We'll be sidestepping the issue of those in Northern Ireland who choose to represent GB. We're looking at people born in the 26 counties who will be competing in the 2020 Summer Olympics for nations other than Ireland. With that long winded, but necessary, pre-amble out of the way, let's look at the athletes.
Sinead Diver - Athletics (Marathon) - Australia/Mayo
A pretty high-profile case, Diver only took up running when she left Ireland for Australia aged 25. She ran what she presumed was a qualifying time for the 2015 World Championships but Athletics Ireland had set a higher standard than World Athletics and wouldn't select her. Upset by the decision, Diver turned to her adopted country and has raced for them ever since. She'll be 44 in Tokyo but a top 20 performance is still on the cards.
Saskia Tidey - Sailing (49er FX) - Britain/Dublin
Several athletes have competed for GB and turned to Ireland for additional international opportunities but Tidey will become a rare example of the reverse. She competed for Ireland at the Rio Olympics, finishing 12th with Andrea Brewster. After the games, Brewster announced her retirement and Tidey was left without a partner. She qualified for GB through her father and made the decision to switch. She still lives in Dublin but this summer she'll represent Britain with her new partner Charlotte Dobson and they're definite medal contenders.
Kristine O'Brien - Rowing (Eight) - USA/Kildare
O'Brien was born in Clane but moved with her family to the US when she was quite young. She has taken the traditional route to US rowing glory by excelling at collegiate level before moving into the international squad and finally into the vaunted women's eight - the gold standard of US rowing. She helped the USA win World Championship gold in 2018 and America will expect this crew to medal in Tokyo.
Jessica and Jennifer Gadirova - Gymnastics - Britain/Dublin
The Gadirova twins have burst onto the British gymnastics scene in recent times and both 16-year-olds have been selected ahead of multiple World and European medalists for Tokyo. Born in Dublin to Azerbajani parents in 2004 while their dad was working here, they moved to Britain shortly after their birth. They join Alice Kinsella on the GB team. While not born in Ireland, her dad is former Ireland international footballer Mark Kinsella, so we think you'll agree she merits a mention here.
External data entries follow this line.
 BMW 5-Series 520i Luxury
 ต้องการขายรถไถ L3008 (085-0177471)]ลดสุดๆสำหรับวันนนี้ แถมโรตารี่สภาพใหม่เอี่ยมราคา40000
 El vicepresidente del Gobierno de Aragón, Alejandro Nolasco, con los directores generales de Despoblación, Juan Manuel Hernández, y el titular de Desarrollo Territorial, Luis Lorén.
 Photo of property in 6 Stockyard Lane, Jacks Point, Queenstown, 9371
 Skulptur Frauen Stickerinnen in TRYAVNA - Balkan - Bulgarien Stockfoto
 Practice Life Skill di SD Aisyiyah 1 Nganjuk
Christopher Juul-Jenson - Cycling - Denmark/Wicklow
Juul-Jenson's family moved to Ireland in the early 1980s and he lived the first 16 years of his life in Kilmacanogue. After spending his transition year at a Danish cycling school, his parents moved home and Juul-Jenson left Irish cycling. He had represented Ireland at the European Youth Olympics but once in Denmark, he rode for his ancestral homeland. He has gone on to forge a terrific career competing in multiple Grand Tours and represented Denmark at the Rio Olympics too. He still speaks with a slight Irish accent.
Max McFarland - Rugby 7s - Britain/Dublin
McFarland began playing rugby at Clongowes and represented Ireland up to under 20s level. He couldn't breakthrough with the Leinster academy side and moved to Scotland with Edinburgh in 2014. Qualifying for Scotland through his grandfather, he has been ever present in the Scottish 7s side since. This will be his first Olympics for GB. There is slight confusion about where he was born though as Scotland Rugby states he was born in Ireland with this Times article saying he was born in London. We've sought clarification, with none forthcoming. He's in this list anyway.
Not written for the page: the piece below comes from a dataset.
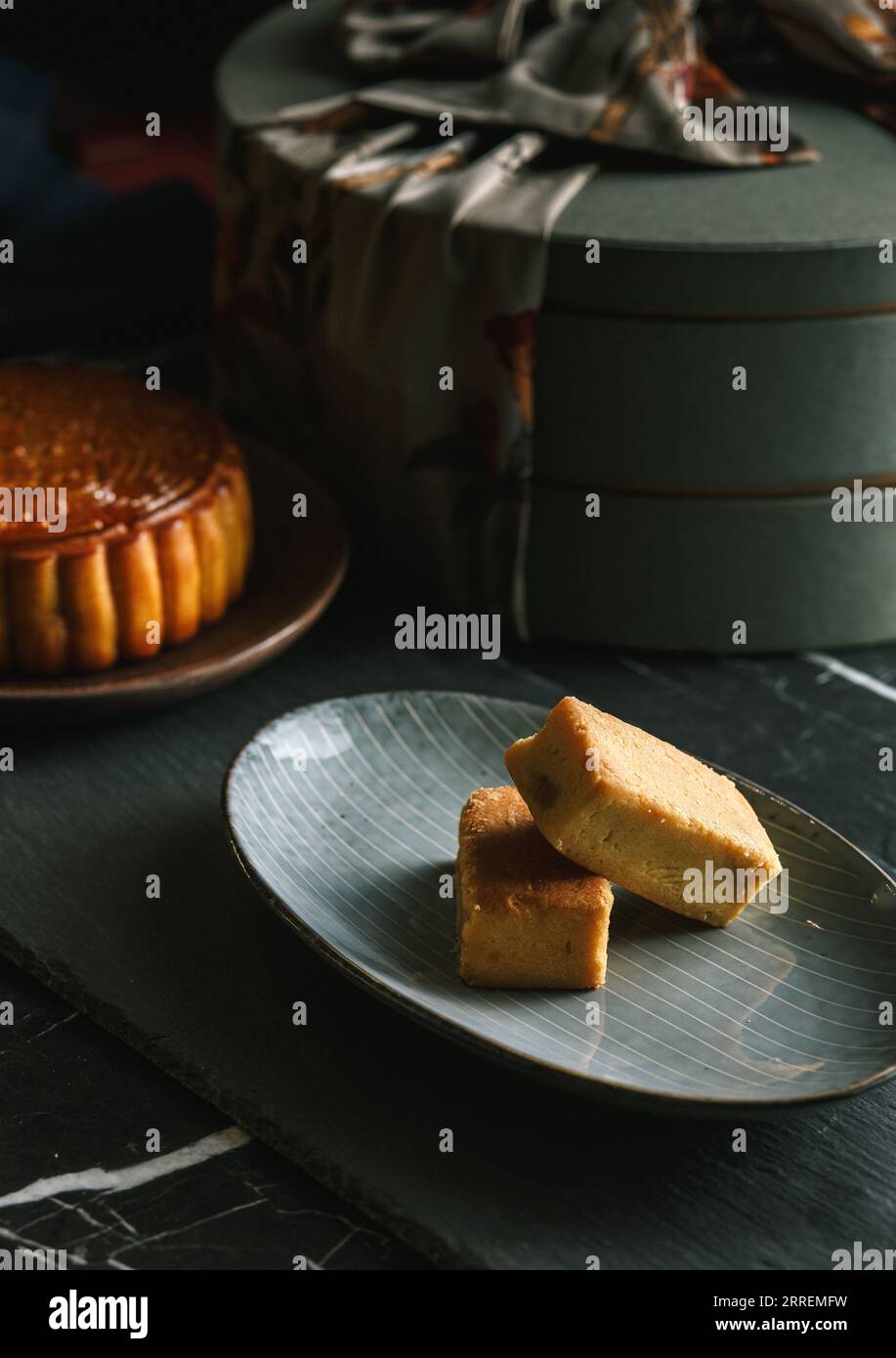 Delizioso dessert di torta all'ananas taiwanese in un piatto。 Foto Stock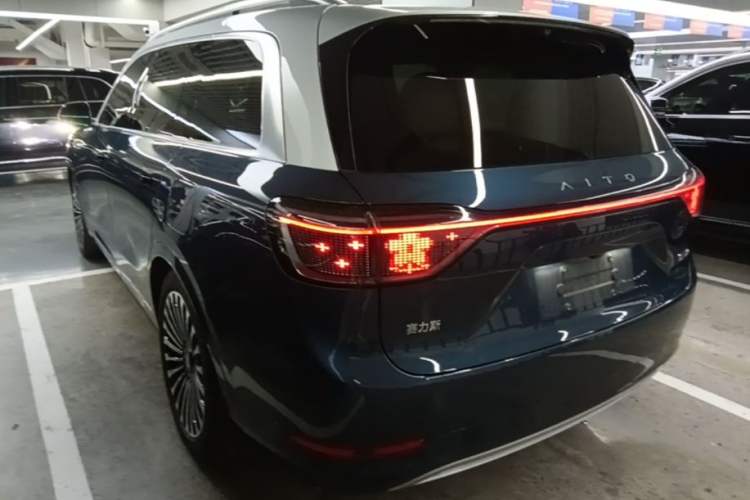 Used Hima AITO M9 2024 Range-Extended Ultra Version 42 kWh 6-Seater Model Rear Left 45 Deg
Cyclist Josie Knight is in the GB squad and had previously represented Ireland. She's listed in some places as being born in Dingle, but she was born in Aylsebury and moved to Kerry as a kid so we're not going to count her.
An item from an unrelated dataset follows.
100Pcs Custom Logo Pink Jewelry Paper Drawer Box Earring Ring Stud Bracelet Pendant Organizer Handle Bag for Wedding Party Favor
The listed athletes will all be looking to become only the 3rd athlete to be born in post-independence Ireland and win a medal for another nation. Rower Chris Barton was born in 1927 and went on to win silver as part of the GB Eights in 1948. Hockey player Fergus Kavanagh was born in Dublin in 1985 and won bronze with his adopted Australia in 2008 and 2012. He didn't make the 2020 squad.